Namun, apakah cukup hanya sebulan untuk menghargai ibu dalam bentuk bahasa? Kasih seorang ibu kepada anaknya sepanjang hanyat, sama seperti kesetiaan pertiwi kepada alam semesta beserta isinya. kesetiaan ibu dalam bentuk bahasa pun begitu mulia kepada para penuturnya. Ia memberikan identias yang dikenal dan memiliki kekhasan pada setiap bahasa ibu yang ada. Sudah selayaknya bahasa Bali sebagai bahasa ibu masyarakat Pulau Bali terus dihargai. Setidaknya ia digunakan di lingkungan keluarga.

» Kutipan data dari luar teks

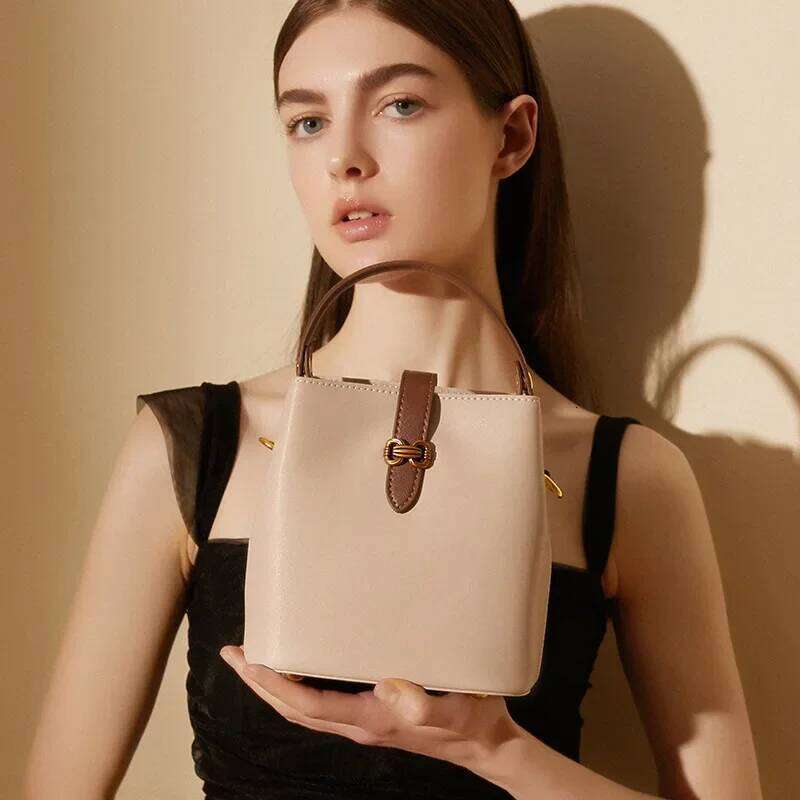 LOERSS Genuine Leather Bucket for Women s Solid Color Crossbody Bag Large Capacity Handbags New Design bag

Pembelajaran mengenai aksara Bali sebagai simbol dari bunyi bahasa Bali pun selayaknya terus dipelajari. Bukan sebulan, dua bulan atau pada hari kamis saja, tetapi dua belas bulan. Agar bulan Bahasa Bali tidak hanya sekedar menjadi formalitas belaka. Aliran yang berhulu di Februari semoga terus mengalir ke bulan seterusnya. Yang kita inginkan adalah rutinitas bukan sekedar formalitas. [T]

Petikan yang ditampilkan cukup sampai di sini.